Smil describes natural gas as an energy source and identifies its advantages and disadvantages.

If you would like to learn more about energy in human history, read my book From Poverty to Progress: How Humans Invented Progress, and How We Can Keep It Going.

My Comments

In the 1990s environmentalists were generally pro-natural gas, but since then they have changed to being very strongly anti-natural gas. This is despite the fact that natural gas is one of the most cost-effective means for lowering carbon emissions. In particular, natural gas makes it quite easy to dramatically reduce coal usage, by far the worst source of carbon emissions and pollution.

Ironically, the intermittency of solar and wind power make it very likely that natural gas will increase in usage as it is the only reliable “peaking” energy source that can turn on/off rapidly to make up for the hourly/daily changes in solar and wind production.

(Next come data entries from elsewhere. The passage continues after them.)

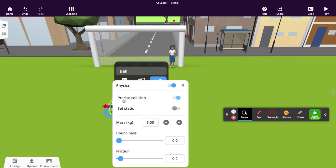We don't want that. So we're going to use precise collision. What that does is it enables the model to take into account the actual surface — the spherical surface of the football — which is what we want to see. We want to see how that football reacts when we contact with its surface, not the white cube frame around it. So make sure that precise collision is turned on.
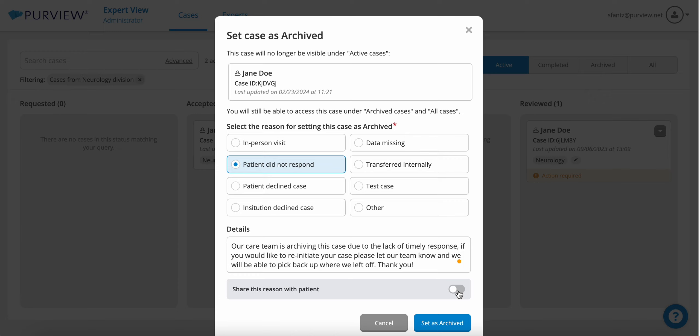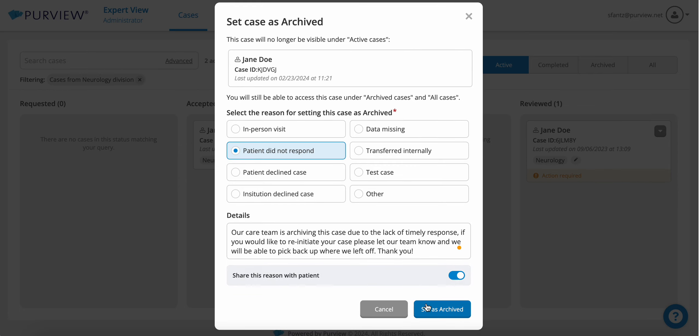When toggled on, an automatic email will be sent to the patient or case contact providing them with the reason for the case archive. This update ensures Expert View users have the tools to customize their patient communication on a case-by-case basis.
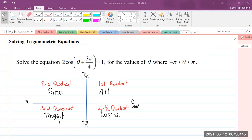In the third quadrant, we have tangent only being positive, so all the other trigonometric functions in the third quadrant will be negative. The angles in the third quadrant are greater than 180 degrees but less than 270 degrees. In the fourth quadrant, only cosine is positive, and the angles are greater than 270 degrees but less than 360 degrees.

A switch from coal to natural gas should be priority #1 for those who are concerned about global warming, public health and air pollution.

Key Take-aways

• Natural gas has many advantages over other energy sources:
  • Low cost (at least in North America)
  • Spread of fracking and horizontal drilling technology should drastically lower cost in rest of world.
  • Energy reserves are widely distributed geographically
  • Huge energy reserves are likely to last remainder of 21^st Century
  • Proven energy reserves are expanding faster due to technological innovationthan they are being depleted by production.
  • Low carbon emissions (CCGT emit one-third the carbon as coal)
  • Very low levels of air pollution
  • Unlike solar and wind, natural gas can run 24/7 or modulate based upon demand
  • Easily stored and transported via pipeline
  • Extremely flexible in use (industrial, heating and electricity generation)
  • Can be used for both peaking and base-load electricity generation.
  • Very efficient combustion
  • Convenient home use

Important Quotes from Book

No energy source is perfect when judged by multiple criteria that fully appraise its value and its impacts. For fuels, the list must include not only energy density, transportability, storability, and combustion efficiency but also convenience, cleanliness, and flexibility of use; contribution to the generation of greenhouse gases; and reliability and durability of supply. When compared to its three principal fuel alternatives—wood, coal, and liquids derived from crude oil—natural gas scores poorly only on the first criterion: at ambient pressure and temperature, its specific density, and hence its energy density, is obviously lower than that of solids or liquids. On all other criteria, natural gas scores no less than very good, and on most of them, it is excellent or superior.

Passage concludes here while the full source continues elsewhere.